Inhaltlich ein kontroverser Besuch – aber atmosphärisch scheint er gelungen. Trotz grundlegender Meinungsverschiedenheiten spricht Annalena Baerbock von "offenen, ehrlichen, intensiven Gesprächen" und einem "freundlichen Empfang" bei Ägyptens Präsident Abdel Fattah al-Sisi. Dieser hatte Baerbock zwei Tage vor ihrem geplanten Besuch ein Treffen zugesagt, das länger dauerte als geplant.
Sein Sprecher erwähnt die grüne Außenministerin heute kaum, dafür umso mehr die Qualität und Historie der deutsch-ägyptischen Beziehungen - und die Grüße, die Präsident al-Sisi Bundeskanzler Olaf Scholz habe ausrichten lassen.
Thema "Waffenlieferungen" zweiter Knackpunkt
Der zweite Knackpunkt des Tages - das Thema "Waffenlieferungen" - mag für diese Wortwahl ein Grund gewesen sein. Baerbock macht deutlich, dass bei künftigen Rüstungsexporten die Menschenrechtslage mehr ins Gewicht falle. Trotz dieser Ankündigung wird die Zusammenarbeit mit Deutschland in diesem Bereich weitergehen, davon ist die ägyptische Politikwissenschaftlerin Maram Diaa el-Din überzeugt.
Ägypten könnte sich in punkto Waffenlieferungen künftig direkt an den Bundeskanzler wenden, dieser ticke wahrscheinlich anders, vermuten Beobachter. "Deutschlands Regierung besteht ja nicht nur aus den Grünen. Für Ägypten sind Verteidigungsindustrie und militärische Beziehungen sehr, sehr wichtig. Da kann es von deutscher Expertise profitieren.
Expertin: Kein totaler Stopp der Kooperation
Die Differenzen werden schon noch gelöst, es wird keinen totalen Stopp der militärischen Zusammenarbeit geben", sagt Diaa el-Din, die Europa-Expertin am Ahram-Institut für politische und strategische Studien.

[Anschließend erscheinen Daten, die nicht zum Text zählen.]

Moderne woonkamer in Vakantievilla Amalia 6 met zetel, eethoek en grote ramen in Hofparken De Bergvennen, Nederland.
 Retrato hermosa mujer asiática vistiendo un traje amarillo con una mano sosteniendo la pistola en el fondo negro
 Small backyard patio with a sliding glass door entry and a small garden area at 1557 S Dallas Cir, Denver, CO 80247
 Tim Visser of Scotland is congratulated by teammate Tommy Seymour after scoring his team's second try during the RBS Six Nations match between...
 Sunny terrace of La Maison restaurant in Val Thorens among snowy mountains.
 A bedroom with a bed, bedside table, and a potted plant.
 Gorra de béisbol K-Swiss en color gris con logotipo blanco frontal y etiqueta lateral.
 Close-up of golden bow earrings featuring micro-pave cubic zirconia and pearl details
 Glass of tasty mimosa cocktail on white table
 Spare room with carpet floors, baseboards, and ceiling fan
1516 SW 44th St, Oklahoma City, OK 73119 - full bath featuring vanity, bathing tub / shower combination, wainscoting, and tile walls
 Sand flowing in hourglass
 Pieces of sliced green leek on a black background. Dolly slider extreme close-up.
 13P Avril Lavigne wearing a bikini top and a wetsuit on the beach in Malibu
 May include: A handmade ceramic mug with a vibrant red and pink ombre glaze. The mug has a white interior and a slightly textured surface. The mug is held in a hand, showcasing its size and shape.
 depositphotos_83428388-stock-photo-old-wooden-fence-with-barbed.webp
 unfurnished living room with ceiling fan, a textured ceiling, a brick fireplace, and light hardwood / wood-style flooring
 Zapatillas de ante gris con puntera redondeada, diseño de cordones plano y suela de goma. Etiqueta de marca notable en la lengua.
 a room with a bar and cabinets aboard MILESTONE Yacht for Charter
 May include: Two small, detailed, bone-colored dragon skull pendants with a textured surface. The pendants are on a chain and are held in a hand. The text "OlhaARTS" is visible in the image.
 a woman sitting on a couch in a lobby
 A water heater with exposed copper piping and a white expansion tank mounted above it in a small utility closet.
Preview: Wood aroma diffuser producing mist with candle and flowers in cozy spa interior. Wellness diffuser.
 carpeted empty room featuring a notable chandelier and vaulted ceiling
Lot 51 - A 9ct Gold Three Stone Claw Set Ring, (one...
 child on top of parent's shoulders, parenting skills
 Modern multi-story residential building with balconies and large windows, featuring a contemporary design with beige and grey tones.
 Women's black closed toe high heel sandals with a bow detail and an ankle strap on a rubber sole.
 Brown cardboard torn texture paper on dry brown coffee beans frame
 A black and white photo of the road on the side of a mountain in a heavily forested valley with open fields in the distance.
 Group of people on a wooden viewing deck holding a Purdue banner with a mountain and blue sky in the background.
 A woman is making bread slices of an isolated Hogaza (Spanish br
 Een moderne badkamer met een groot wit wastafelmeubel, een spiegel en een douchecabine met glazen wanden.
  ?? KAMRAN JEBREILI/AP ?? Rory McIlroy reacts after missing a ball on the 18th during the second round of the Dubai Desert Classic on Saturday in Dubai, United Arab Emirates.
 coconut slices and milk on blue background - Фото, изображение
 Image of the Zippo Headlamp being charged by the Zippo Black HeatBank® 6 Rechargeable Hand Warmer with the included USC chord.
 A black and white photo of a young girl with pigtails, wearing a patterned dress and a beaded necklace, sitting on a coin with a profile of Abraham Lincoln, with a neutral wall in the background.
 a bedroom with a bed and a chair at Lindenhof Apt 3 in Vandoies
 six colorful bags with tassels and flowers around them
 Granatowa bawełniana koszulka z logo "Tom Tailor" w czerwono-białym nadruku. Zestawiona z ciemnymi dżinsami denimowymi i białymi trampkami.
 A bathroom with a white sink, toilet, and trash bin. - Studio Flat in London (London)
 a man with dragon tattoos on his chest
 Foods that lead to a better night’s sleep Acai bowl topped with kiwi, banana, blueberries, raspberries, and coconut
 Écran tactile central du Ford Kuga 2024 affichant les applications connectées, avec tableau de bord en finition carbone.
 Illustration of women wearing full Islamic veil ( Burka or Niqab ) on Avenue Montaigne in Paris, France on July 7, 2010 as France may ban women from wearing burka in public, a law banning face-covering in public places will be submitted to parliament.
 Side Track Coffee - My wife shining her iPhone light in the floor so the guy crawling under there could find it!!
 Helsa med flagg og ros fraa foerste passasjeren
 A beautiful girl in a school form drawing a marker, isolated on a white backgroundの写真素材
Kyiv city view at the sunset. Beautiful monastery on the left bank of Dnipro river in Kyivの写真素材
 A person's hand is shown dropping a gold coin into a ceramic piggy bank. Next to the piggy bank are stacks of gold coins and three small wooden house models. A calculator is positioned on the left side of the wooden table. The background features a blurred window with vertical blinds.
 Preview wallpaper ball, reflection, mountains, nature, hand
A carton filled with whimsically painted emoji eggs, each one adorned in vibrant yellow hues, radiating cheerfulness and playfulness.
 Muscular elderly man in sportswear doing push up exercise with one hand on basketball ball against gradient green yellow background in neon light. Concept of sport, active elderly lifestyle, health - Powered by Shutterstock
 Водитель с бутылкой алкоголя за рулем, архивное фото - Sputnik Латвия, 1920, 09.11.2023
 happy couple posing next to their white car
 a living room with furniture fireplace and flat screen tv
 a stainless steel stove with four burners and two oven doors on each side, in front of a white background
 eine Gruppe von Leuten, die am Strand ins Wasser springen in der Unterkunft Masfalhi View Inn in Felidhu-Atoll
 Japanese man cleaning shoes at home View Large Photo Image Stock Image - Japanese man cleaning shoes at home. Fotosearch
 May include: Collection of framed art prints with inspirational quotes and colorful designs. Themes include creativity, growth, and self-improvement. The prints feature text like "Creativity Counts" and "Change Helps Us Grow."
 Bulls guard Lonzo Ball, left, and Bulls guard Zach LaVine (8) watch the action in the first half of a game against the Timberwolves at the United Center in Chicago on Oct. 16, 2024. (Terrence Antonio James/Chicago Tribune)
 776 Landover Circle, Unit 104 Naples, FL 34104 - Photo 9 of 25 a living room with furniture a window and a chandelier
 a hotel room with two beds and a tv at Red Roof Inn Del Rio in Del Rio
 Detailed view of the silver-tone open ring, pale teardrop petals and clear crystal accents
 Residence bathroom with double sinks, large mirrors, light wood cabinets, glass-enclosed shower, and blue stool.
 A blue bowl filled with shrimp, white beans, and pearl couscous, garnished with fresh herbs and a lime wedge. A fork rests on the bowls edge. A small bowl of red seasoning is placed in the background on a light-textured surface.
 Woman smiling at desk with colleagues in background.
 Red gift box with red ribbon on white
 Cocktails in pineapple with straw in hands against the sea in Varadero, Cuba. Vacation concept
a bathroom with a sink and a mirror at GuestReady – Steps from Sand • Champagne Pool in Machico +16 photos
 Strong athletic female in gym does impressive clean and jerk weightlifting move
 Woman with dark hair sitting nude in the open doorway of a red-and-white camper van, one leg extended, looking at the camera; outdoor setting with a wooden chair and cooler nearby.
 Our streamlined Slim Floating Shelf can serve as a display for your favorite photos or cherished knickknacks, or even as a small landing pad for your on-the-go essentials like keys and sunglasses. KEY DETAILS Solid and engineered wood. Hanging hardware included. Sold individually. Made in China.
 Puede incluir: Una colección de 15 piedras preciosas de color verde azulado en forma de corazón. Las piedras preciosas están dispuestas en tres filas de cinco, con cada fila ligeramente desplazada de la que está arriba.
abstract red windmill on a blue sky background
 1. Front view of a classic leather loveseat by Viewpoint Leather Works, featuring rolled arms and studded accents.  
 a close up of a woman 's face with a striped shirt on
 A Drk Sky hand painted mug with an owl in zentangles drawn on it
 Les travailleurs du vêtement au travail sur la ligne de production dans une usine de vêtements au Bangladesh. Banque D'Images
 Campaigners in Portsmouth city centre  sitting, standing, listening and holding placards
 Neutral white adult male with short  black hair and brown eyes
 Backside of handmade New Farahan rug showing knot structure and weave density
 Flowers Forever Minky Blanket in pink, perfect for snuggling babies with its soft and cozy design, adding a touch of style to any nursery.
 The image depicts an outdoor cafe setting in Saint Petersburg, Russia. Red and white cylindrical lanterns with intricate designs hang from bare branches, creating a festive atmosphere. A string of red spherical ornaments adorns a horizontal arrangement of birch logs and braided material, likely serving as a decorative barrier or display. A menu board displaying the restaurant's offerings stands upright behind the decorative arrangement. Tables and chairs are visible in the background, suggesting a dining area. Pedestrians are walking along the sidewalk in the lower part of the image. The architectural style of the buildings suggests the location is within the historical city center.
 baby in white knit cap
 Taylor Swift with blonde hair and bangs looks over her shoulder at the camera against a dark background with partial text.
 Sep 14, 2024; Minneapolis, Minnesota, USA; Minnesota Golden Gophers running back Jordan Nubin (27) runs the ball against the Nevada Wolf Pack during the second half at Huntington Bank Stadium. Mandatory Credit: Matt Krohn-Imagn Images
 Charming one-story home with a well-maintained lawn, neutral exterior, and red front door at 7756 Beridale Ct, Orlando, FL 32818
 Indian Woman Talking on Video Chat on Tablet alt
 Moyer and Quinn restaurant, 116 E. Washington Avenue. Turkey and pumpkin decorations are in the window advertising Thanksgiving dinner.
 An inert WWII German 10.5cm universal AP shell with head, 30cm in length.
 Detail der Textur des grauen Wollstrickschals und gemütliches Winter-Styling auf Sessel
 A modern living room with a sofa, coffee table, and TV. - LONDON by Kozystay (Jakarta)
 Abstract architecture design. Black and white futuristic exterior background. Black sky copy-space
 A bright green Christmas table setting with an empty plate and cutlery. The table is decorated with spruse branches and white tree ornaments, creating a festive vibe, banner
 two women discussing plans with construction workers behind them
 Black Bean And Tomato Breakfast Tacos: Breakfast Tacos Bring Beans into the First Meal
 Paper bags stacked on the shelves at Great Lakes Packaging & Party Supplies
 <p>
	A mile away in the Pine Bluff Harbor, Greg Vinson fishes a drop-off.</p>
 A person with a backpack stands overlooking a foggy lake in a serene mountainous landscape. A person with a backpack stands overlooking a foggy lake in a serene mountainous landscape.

Ägyptens Außenminister jedenfalls weiß genau, wie er den Westen von Waffenlieferungen immer wieder überzeugen kann: Ägypten könne nur mit einem starken Militär sich selbst und die Region schützen - und so letztendlich auch die Sicherheit Europas vor Terror und Flüchtlingsströmen garantieren. Ein Argument, das im Westen immer noch verfängt.